Zorg dat je een ‘brandweerman’ hebt!

In 2003 liep ik de Marathon van New York. Eigenlijk was dit de eerste waarvoor ik serieus getraind had. Dacht ik. Als ik er nu op terugkijk zie ik het als jeugdige overmoet. Eigenlijk had ik me volstrekt onvoldoende voorbereid. Ik had geen idee waar ik mee bezig was of waar ik aan begon. Maar god wat was het gaaf om de Verrazano Bridge op te lopen. Frank Sinatra, kippenvel! De eerste 25 KM ging prima. Daarna begon de lijdensweg. First Avenue loopt omhoog. Wist ik niet. Het kan in november in New York 20 graden zijn. Wist ik ook niet. Het is best verstandig om te eten en te drinken onderweg. Wist ik niet, wist ik niet, wist ik niet. First Avenue duurde een eeuwigheid. Wat is die weg lang en breed. Harlem ging wel weer. Alleen het idee al om daar te lopen maakte me blij. De ultieme domper was echter central park. Heuvels! Wist ik niet, waren me nooit opgevallen. Ik had al een paar keer gewandeld na waterposten, maar in Central Park zag ik het echt niet meer zitten. Hele stukken gewandeld. Geen idee hoe ik weer op gang moest komen. Ik wilde stoppen. Echt stoppen. Kappen met die onzin. En toen stond daar ineens een grote brandweerman. Een brandweerman met een postuur zoals je dat alleen in de VS ziet. Hij stond vlak bij me. Hij pakte zijn megafoon en brulde….. C’mon man…. You can do it, you’ve come so far. You can do it man. Don’t give up now…. En verdomd. Ik kon het! Dit was geen brandweerman, dit was de Messias. Ik kon weer lopen! Halleluja! Ik heb hem uitgelopen binnen vier uur en ik moet nog vaak terugdenken aan die brandweerman. You can do it. 
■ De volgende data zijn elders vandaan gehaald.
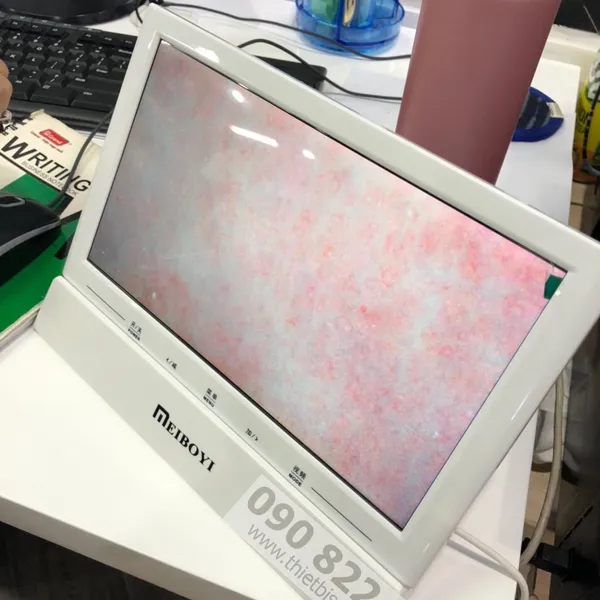 Máy Soi Da LCD MEIBOYI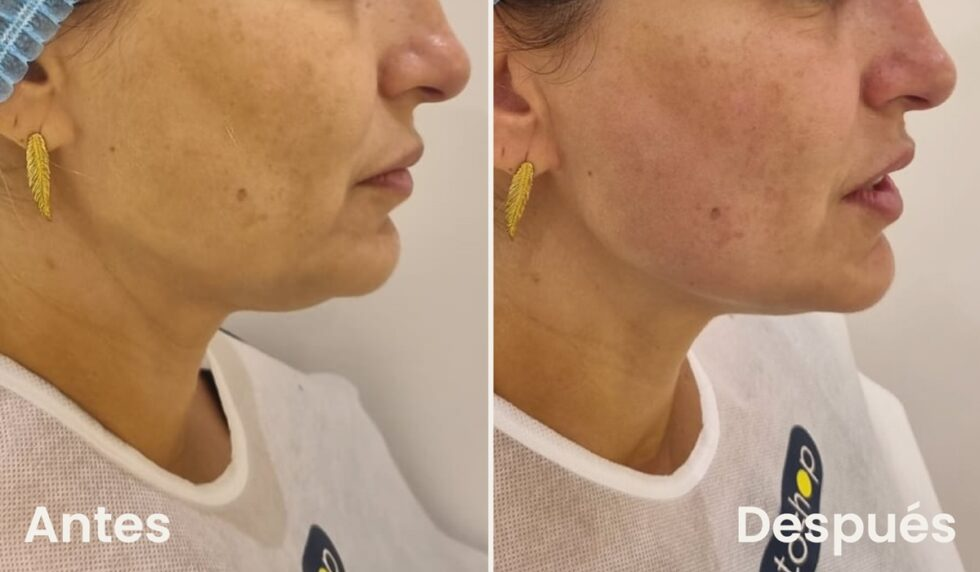 HArmonyCa antes y después en ángulo mandibular - Botoshop Bogotá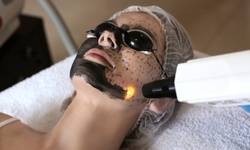 $156 for One Carbon Laser Facial Treatments with Silk Mask at Sarah Laser Medspa ($500 Value)
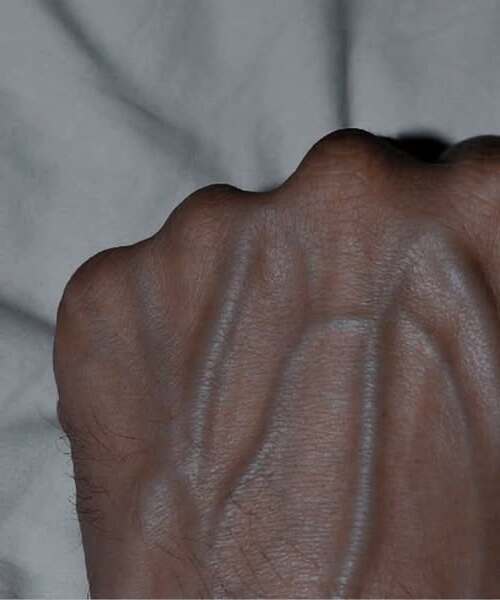 If the veins on your arm are visibly prominent, this is :A: signal that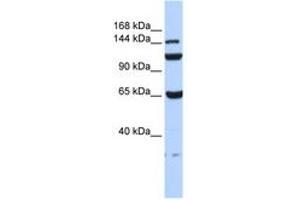 Image no. 1 for anti-Chromosome 17 Open Reading Frame 57 (C17orf57) (AA 72-121) antibody (ABIN6741196) (C17orf57 抗体  (AA 72-121))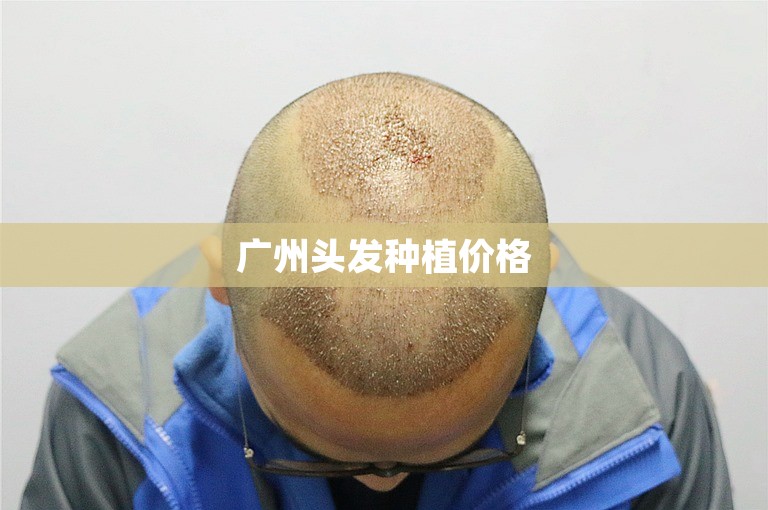 广州头发种植价格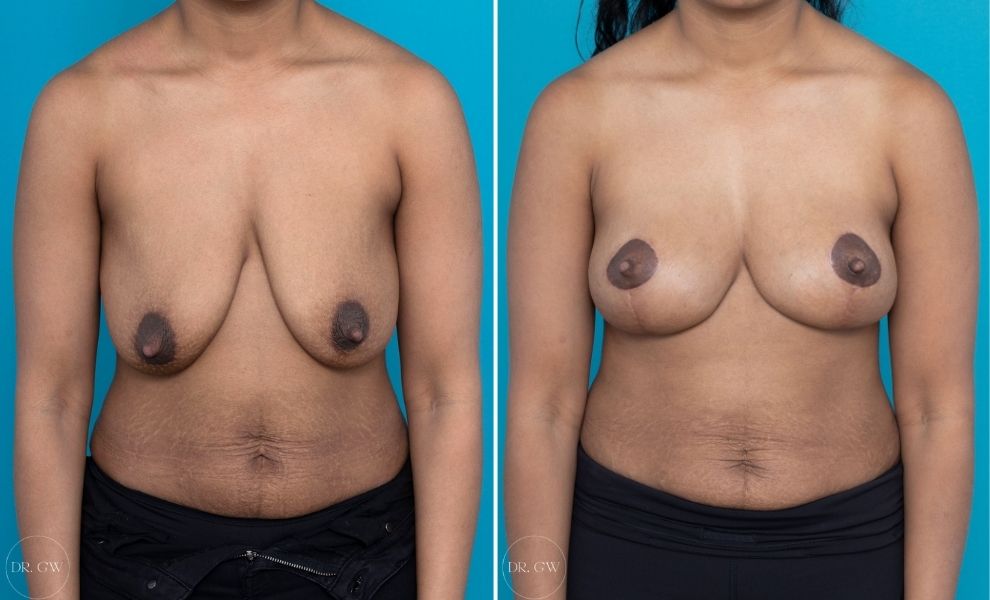 dakotah simpson recommends swiging tits atik maria add swiging tits photo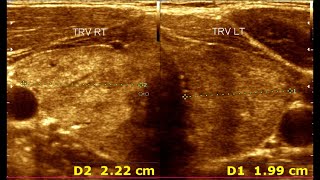 Understanding Ultrasonographic Features of Chronic Thyroiditis [upl. by Annabela]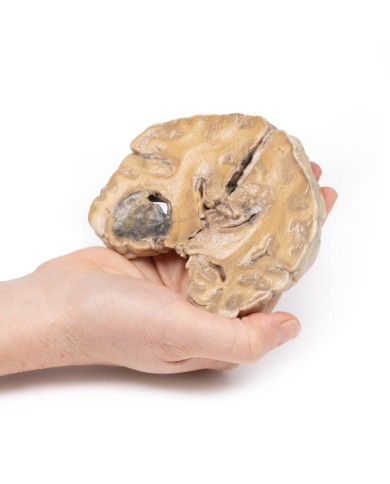 Glioblastoma multiforme Erler Zimmer 3D anatomy Series MP2015 Glioblastoma multiforme Erler Zimmer 3D anatomy Series MP2015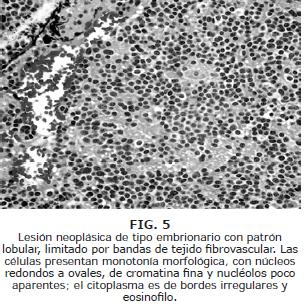 Lesión neoplásica de tipo embrionario con patrón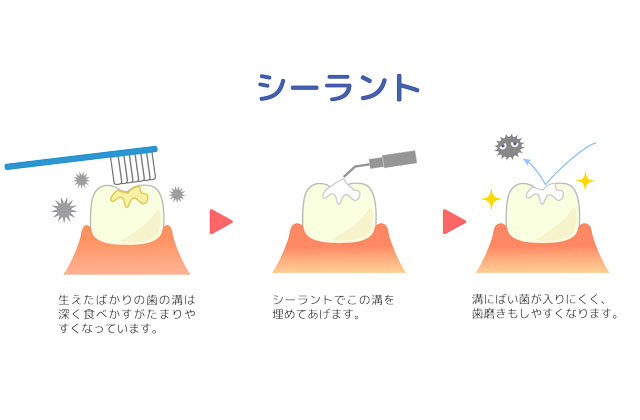 シーラント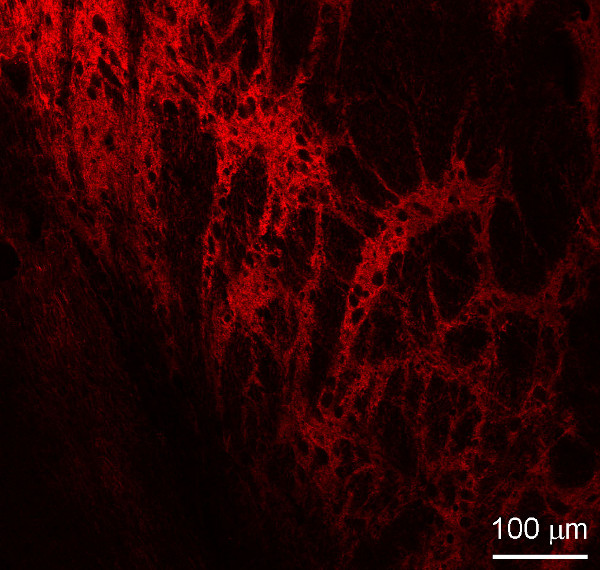 GABA transporter3 Polyclonal Guinea pig antiserum - image 3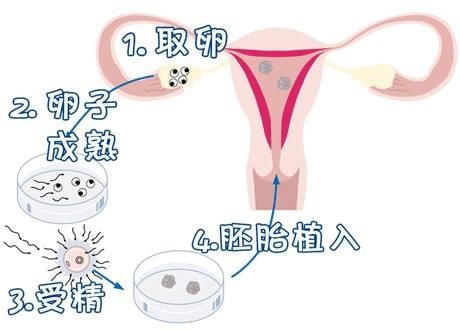 试管代怀包生捐卵公司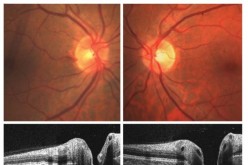 Before-and-after images of an astronaut’s eyes via spectral domain optical coherence tomography show choroidal folds (marked by arrows), which are similar to stretch marks.        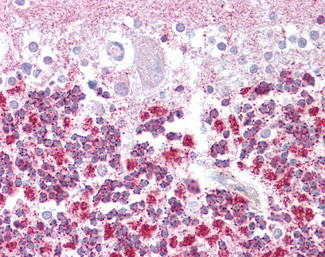 EPM2A Antibody in Immunohistochemistry (Paraffin) (IHC (P))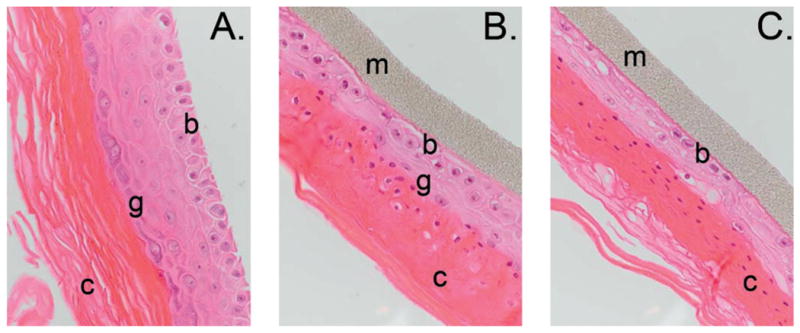 FIG. 1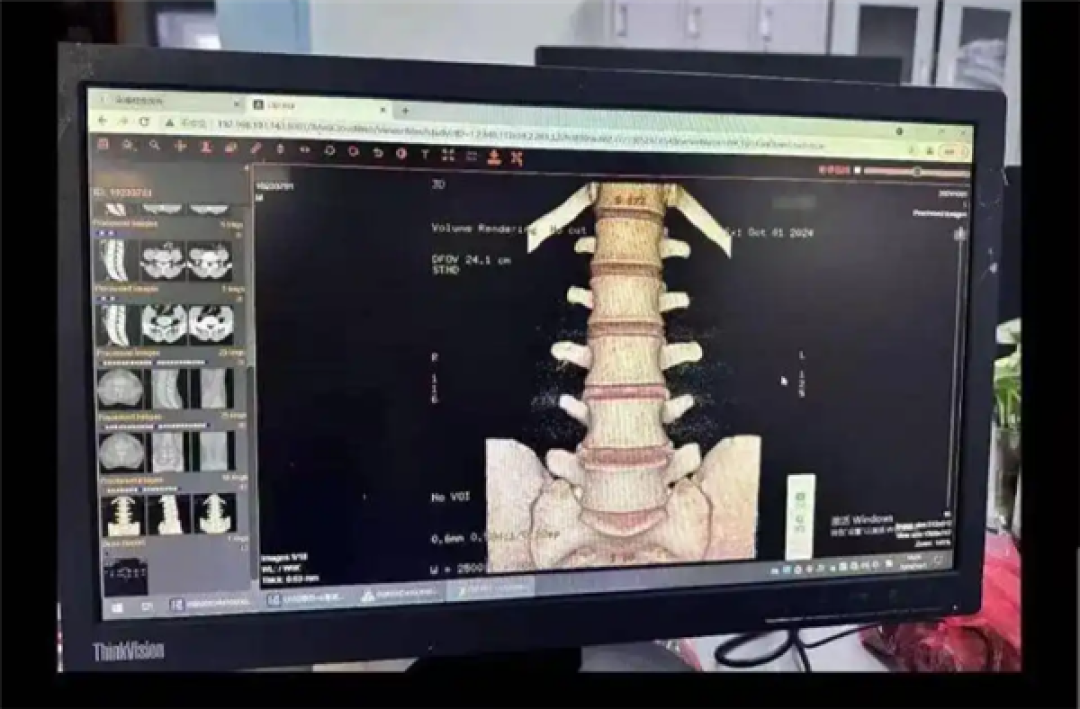 小伙学冲浪闪了腰致截瘫:确诊罕见病“冲浪者脊髓病”
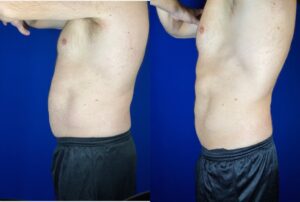 Man's abdomen before and after body contouring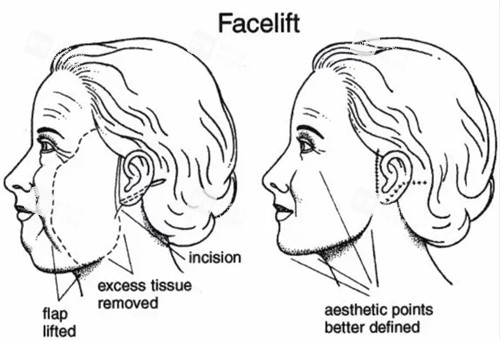 面部提升改善皮肤下垂等问题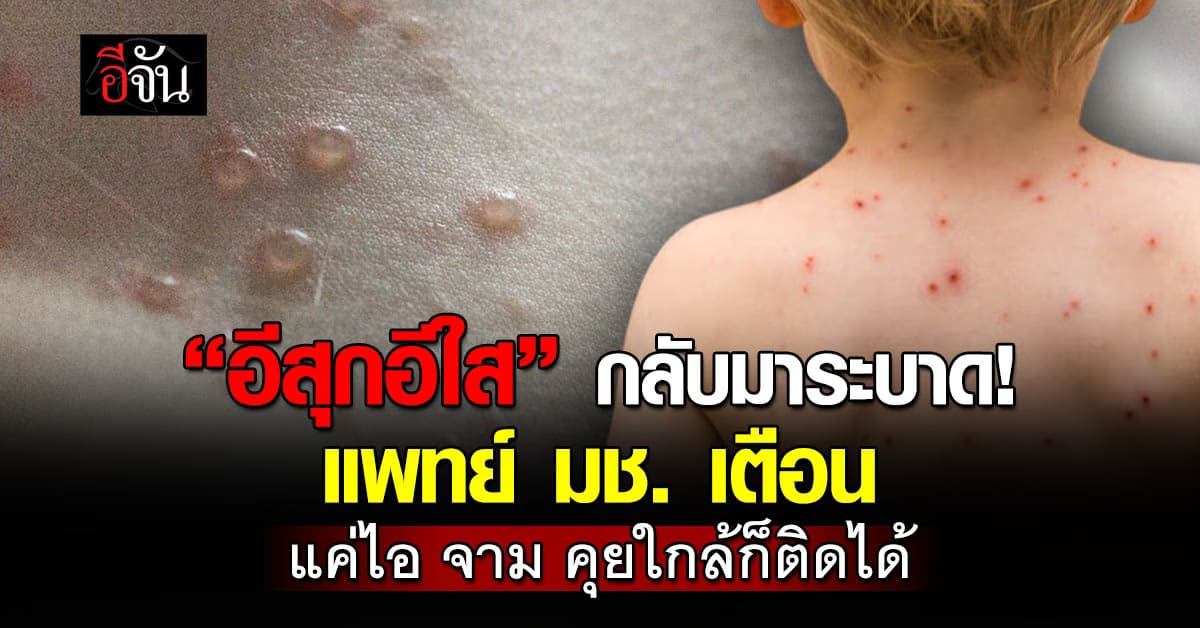 “อีสุกอีใส” กลับมาระบาด! แพทย์ มช. เตือน แค่ไอ จาม คุยใกล้ก็ติดได้ 
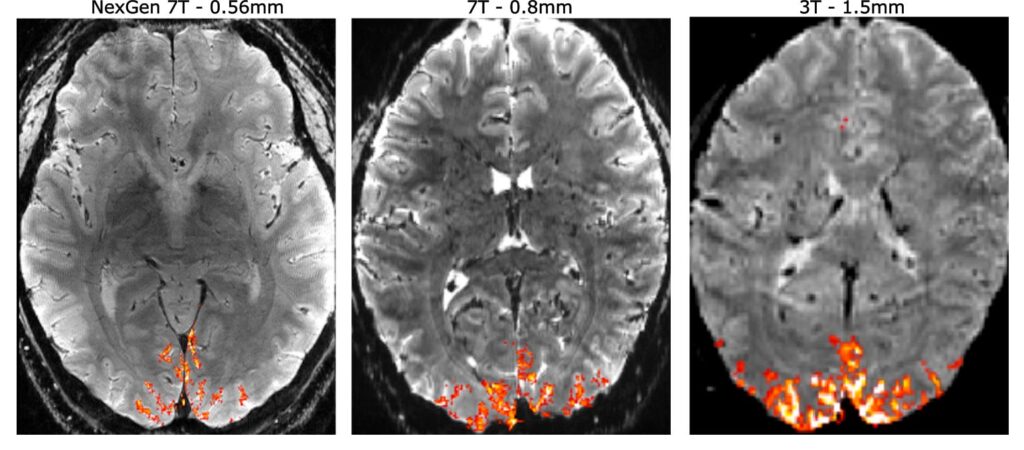 MRI-Makine-1024x450 Beyin MR Görüntüleme Teknolojisinde Yeni Çağ : NexGen 7T MRI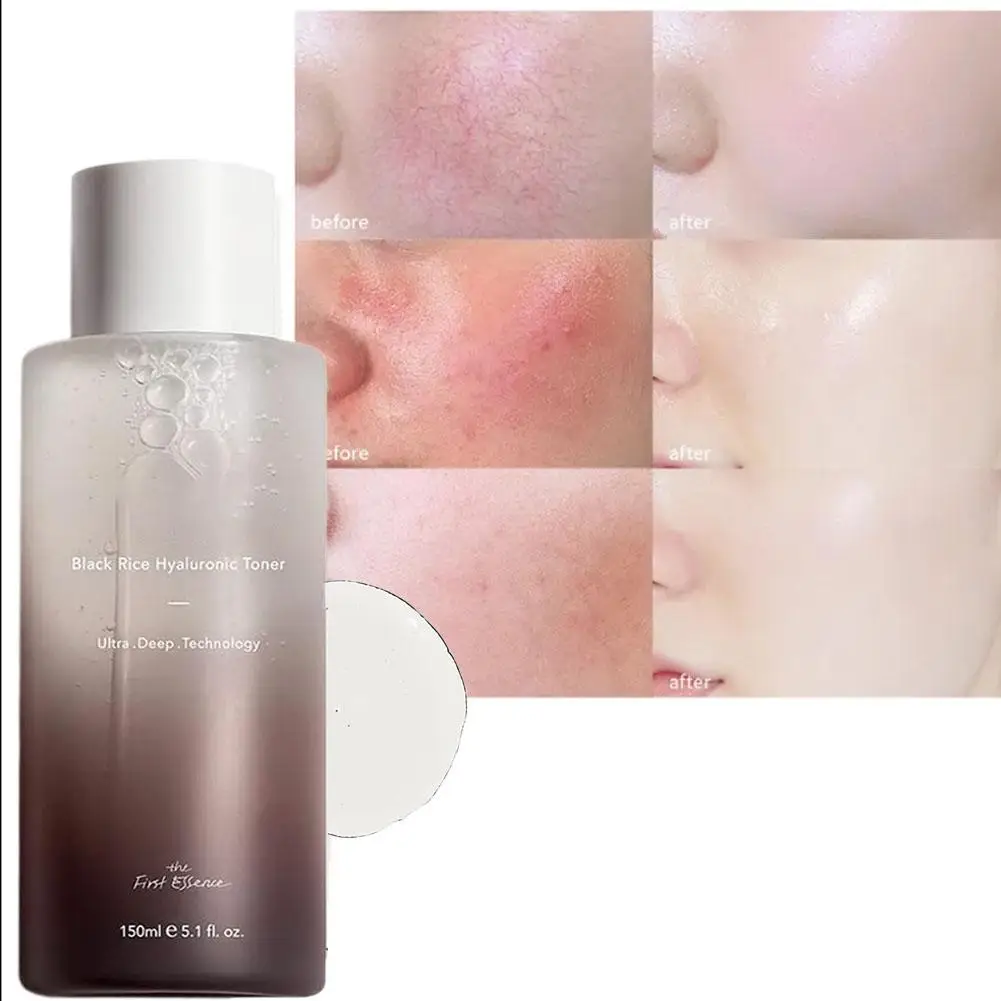 Haruharu Wonder Black Rice حمض الهيالورونيك تونر البشرة الحساسة ترطيب الوجه يحسن لون البشرة الباهتة مهدئا العناية بالبشرة #3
Ik loop niet meer hard. Niet dat ik het niet kan, maar ik vind het niet leuk meer. Het gevoel dat ik ‘zweef’, dat het me echt totaal geen moeite kost, dat ik ongelimiteerde kracht in mijn lijf heb. Dat gevoel ga ik niet meer vinden in hardlopen. Daar kan geen New Yorkse brandweerman me meer bij helpen. Helaas, maar het is niet anders. Stoppen als iets niet meer lekker gaat is niet zo moeilijk, maar de verleiding weerstaan om helemaal niets meer aan beweging te doen is razend lastig als je Parkinson hebt. In mijn geval bleek ik een hele kudde brandweermannen nodig te hebben om weer te gaan bewegen. ’Mafkezen’ die in mij geloofden en me aanmoedigden om wat nieuws te proberen (ik boksen? Ik heb armen als spaghetti sliertjes) of om buiten mijn comfort zone te gaan (ik dansen? Ik ben toch geen ….. ?), of om over mijn vooroordelen heen te stappen (wandelen is toch iets voor ANWB bejaarden?). Nog steeds vindt ik het moeilijk om de eerste stap te zetten. Maar als ik het niet doe, dan krijg ik op mijn kop van brandweerman Nick (afzeggen is geen optie keiekop) of voel ik me schuldig ten opzichte van de vrijwillige brandweermannen – Gerard, Ed en Adriaan – die zoveel tijd in de boksclub steken of ben ik bang dat ik geen indruk meer maak op de mooiste brandweervrouw van het westelijk halfrond – Mieke. Ook realiseer ik me dat ik inmiddels zelf brandweerman ben geworden voor alle stoere Parkinson boksers die bij ons trainen. Die kan ik niet in de steek laten. C’mon man…. You can do it!